• [PROMPT]
Can the lines below, from the one that holds "by William J. Donovan, Esq." to the very end, be echoed exactly, with both ends included and no pictures?

• [SOURCE INFORMATION]
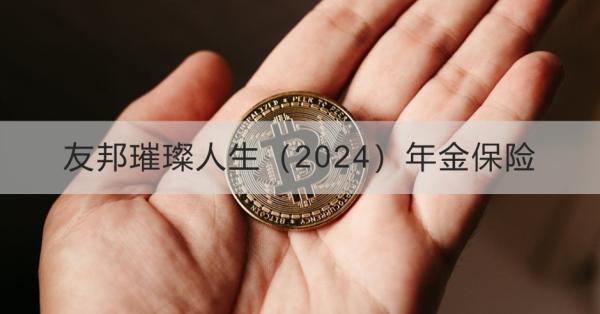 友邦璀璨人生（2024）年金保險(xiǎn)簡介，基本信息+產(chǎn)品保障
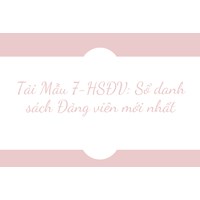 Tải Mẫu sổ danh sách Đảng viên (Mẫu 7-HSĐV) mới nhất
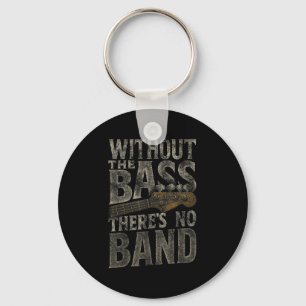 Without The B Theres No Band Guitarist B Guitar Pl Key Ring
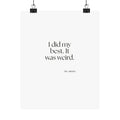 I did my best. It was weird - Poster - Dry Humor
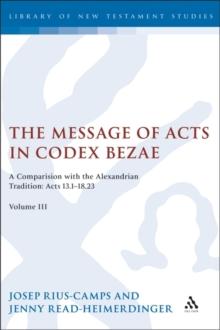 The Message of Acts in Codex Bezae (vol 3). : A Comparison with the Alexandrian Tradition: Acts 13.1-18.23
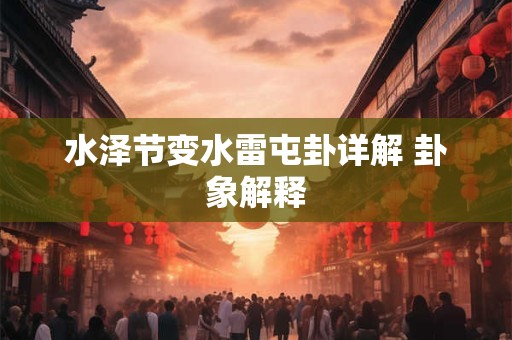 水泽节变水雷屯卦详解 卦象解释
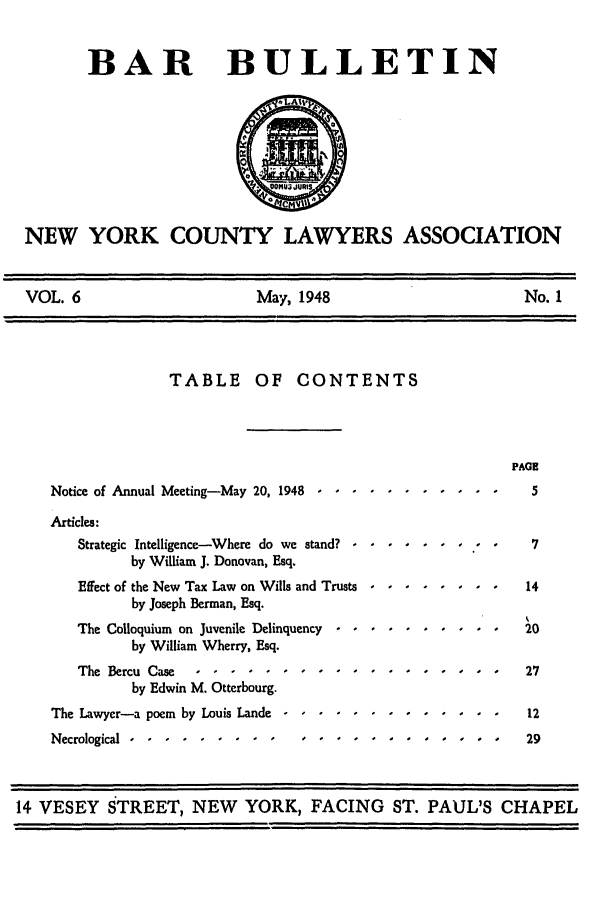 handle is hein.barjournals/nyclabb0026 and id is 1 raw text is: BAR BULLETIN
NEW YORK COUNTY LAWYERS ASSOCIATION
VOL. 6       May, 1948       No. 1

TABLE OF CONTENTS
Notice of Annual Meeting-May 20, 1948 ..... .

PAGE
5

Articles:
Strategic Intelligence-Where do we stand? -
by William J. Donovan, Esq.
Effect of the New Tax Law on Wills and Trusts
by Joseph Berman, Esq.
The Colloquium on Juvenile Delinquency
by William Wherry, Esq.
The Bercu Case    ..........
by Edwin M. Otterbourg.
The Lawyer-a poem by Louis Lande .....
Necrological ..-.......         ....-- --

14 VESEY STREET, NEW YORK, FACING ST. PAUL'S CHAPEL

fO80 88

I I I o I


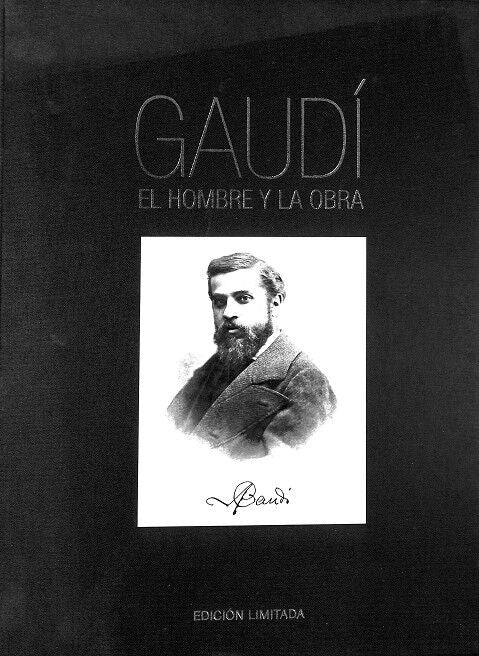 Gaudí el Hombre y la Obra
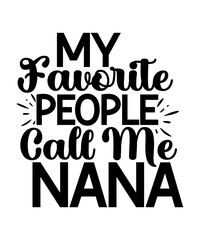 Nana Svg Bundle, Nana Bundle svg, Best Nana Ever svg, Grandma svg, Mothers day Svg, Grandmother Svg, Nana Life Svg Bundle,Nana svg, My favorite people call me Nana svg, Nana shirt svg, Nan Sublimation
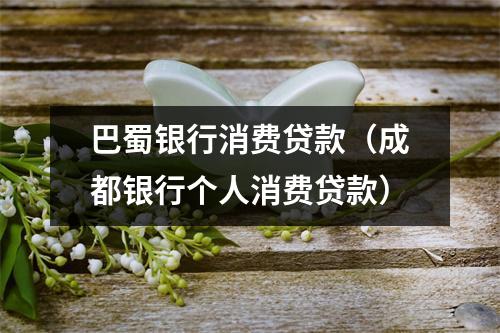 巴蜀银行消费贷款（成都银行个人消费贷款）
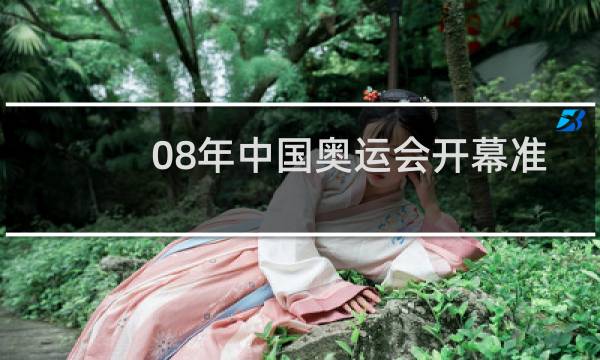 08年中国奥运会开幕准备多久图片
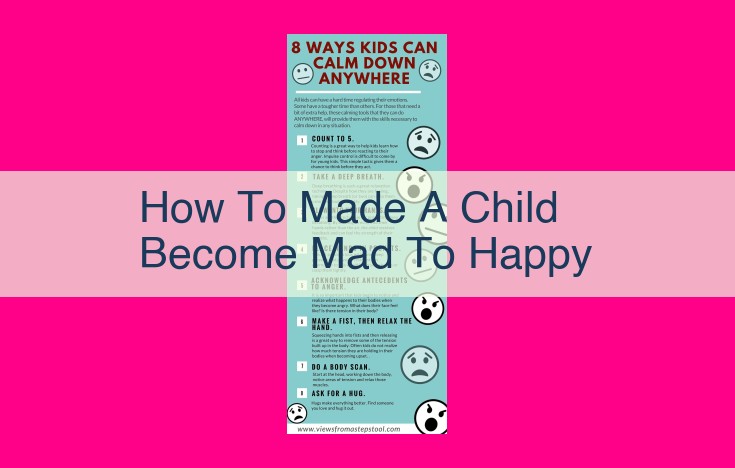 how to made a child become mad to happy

• [SOLUTION TO THIS PROBLEM]
by William J. Donovan, Esq.
Effect of the New Tax Law on Wills and Trusts
by Joseph Berman, Esq.
The Colloquium on Juvenile Delinquency
by William Wherry, Esq.
The Bercu Case    ..........
by Edwin M. Otterbourg.
The Lawyer-a poem by Louis Lande .....
Necrological ..-.......         ....-- --

14 VESEY STREET, NEW YORK, FACING ST. PAUL'S CHAPEL

fO80 88

I I I o I


 Gaudí el Hombre y la Obra
 Nana Svg Bundle, Nana Bundle svg, Best Nana Ever svg, Grandma svg, Mothers day Svg, Grandmother Svg, Nana Life Svg Bundle,Nana svg, My favorite people call me Nana svg, Nana shirt svg, Nan Sublimation
 巴蜀银行消费贷款（成都银行个人消费贷款）
 08年中国奥运会开幕准备多久图片
 how to made a child become mad to happy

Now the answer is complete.